John Thurmond & Associates, Inc. v. Kennedy

668 S.E.2d 666, 284 Ga. 469, 2008 Fulton County D. Rep. 3338, 2008 Ga. LEXIS 853
CourtSupreme Court of Georgia
DecidedOctober 27, 2008
DocketS07G1776
StatusPublished
Cited by31 cases

This text of 668 S.E.2d 666 (John Thurmond & Associates, Inc. v. Kennedy) is published on Counsel Stack Legal Research, covering Supreme Court of Georgia primary law. Counsel Stack provides free access to over 12 million legal documents including statutes, case law, regulations, and constitutions.

Bluebook
John Thurmond & Associates, Inc. v. Kennedy, 668 S.E.2d 666, 284 Ga. 469, 2008 Fulton County D. Rep. 3338, 2008 Ga. LEXIS 853 (Ga. 2008).

Opinions

Thompson, Justice.

We granted John Thurmond & Associates, Inc.’s (JTA) petition for writ of certiorari to the Court of Appeals to determine whether a plaintiff in a breach of contract and negligent construction case must prove fair market value of the property as a prerequisite to any recovery.
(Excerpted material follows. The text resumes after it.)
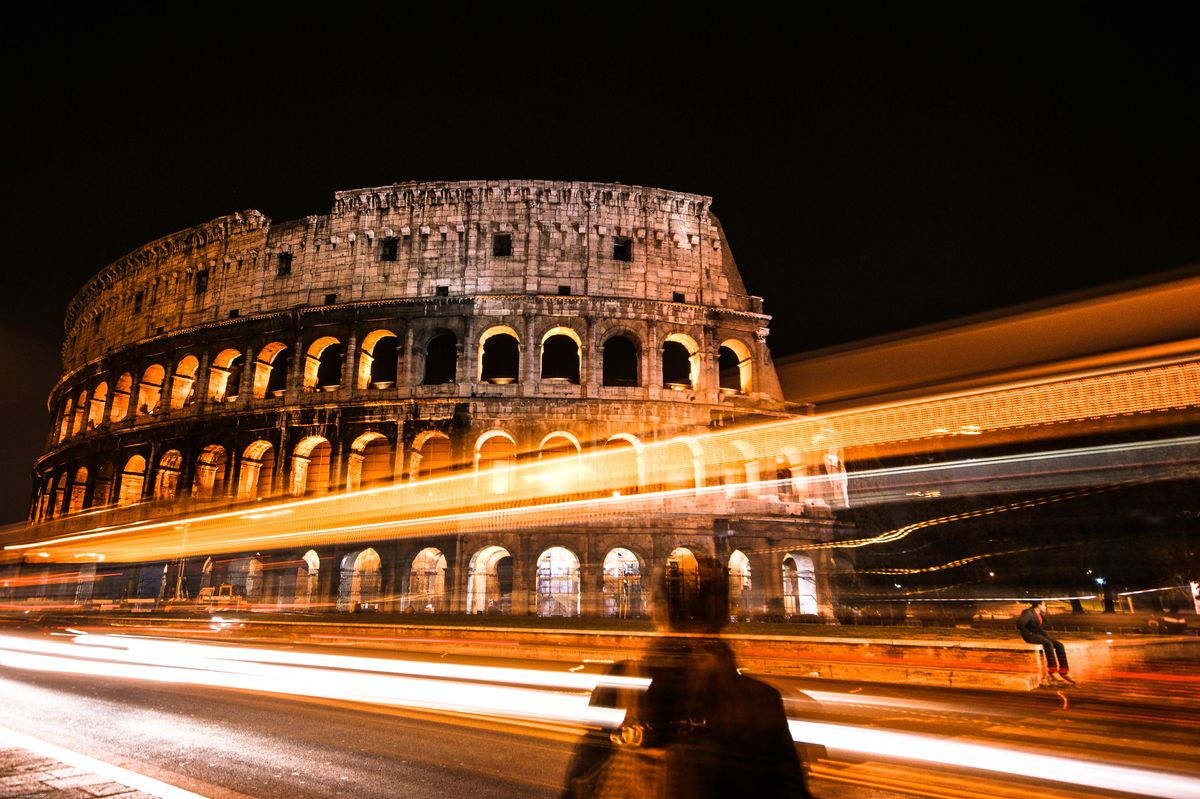 Picture of the Colosseum at night. This was a chance shot as I did not want a bus (or my mum - in the foreground) in the picture bu the result was nice due to the low shutter speed.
See Kennedy v. John Thurmond & Assoc., 286 Ga. App. 642 (649 SE2d 762) (2007). For the reasons that follow, we hold that fair market value need not be proven in every construction defect case and affirm.
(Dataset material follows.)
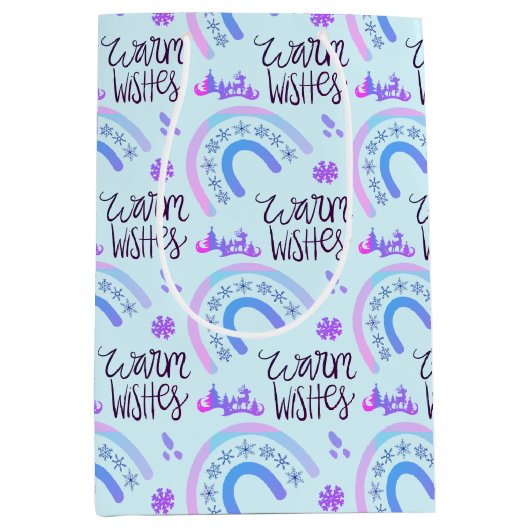 Warme Wishes Roze & Blauwe Kerst Regenbogen Medium Cadeauzakje (Voorkant)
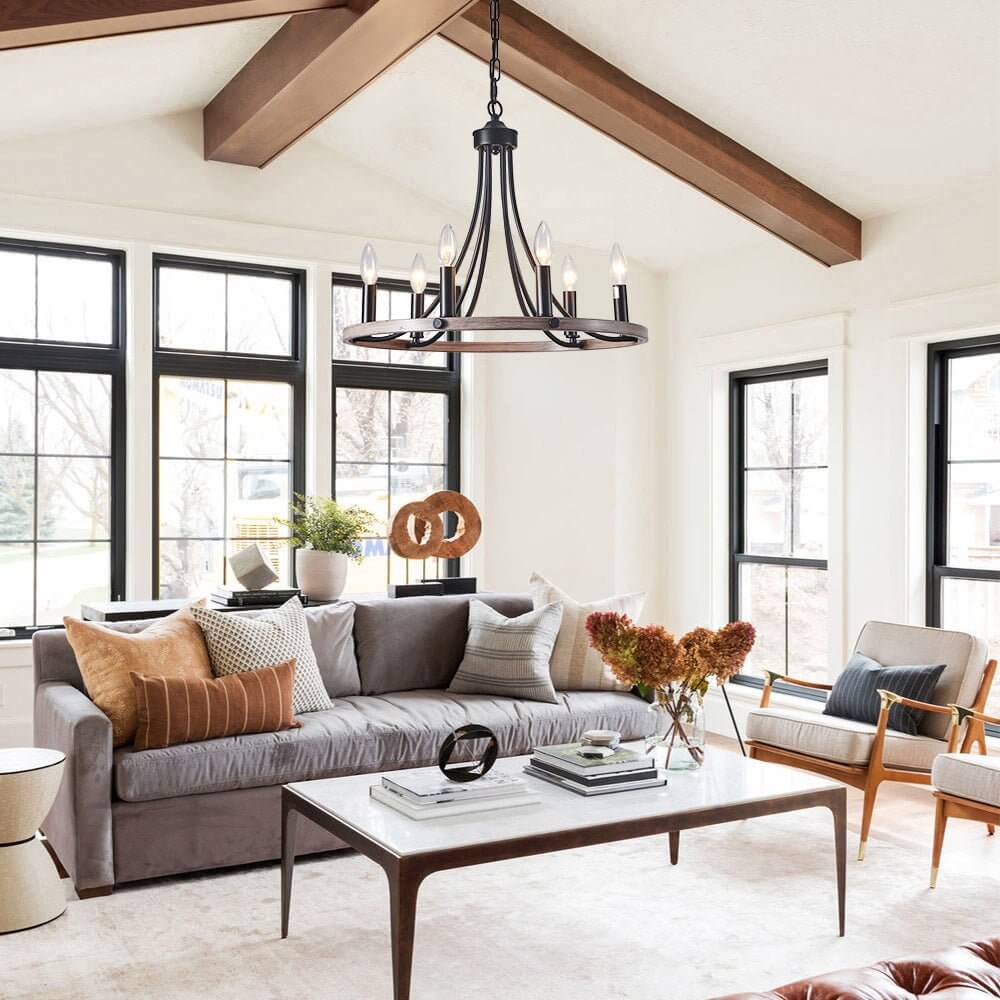 Freyza | Dvalir Farmhouse Wagon Chandelier – Farmhouse Dining Room Living Room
David Kennedy is a homeowner whose home was substantially damaged by fire. JTA is a residential restoration/construction company hired by Kennedy to make repairs to his home for an agreed upon contract price of $311,156. Kennedy subsequently discovered problems with the construction and initiated an action against JTA for breach of contract, breach of warranty, negligent construction, and negligence. At trial Kennedy presented evidence of the cost of repairing the allegedly faulty construction estimated at $751,632.1 After the close of evidence, the trial court granted JTA’s motion for a directed verdict on the ground that Kennedy did not present evidence of the fair market value of his home after the allegedly faulty repairs. Kennedy appealed and the Court of Appeals reversed, concluding that evidence of the fair market value of the home after the repairs were made was not required. Kennedy, supra at 644.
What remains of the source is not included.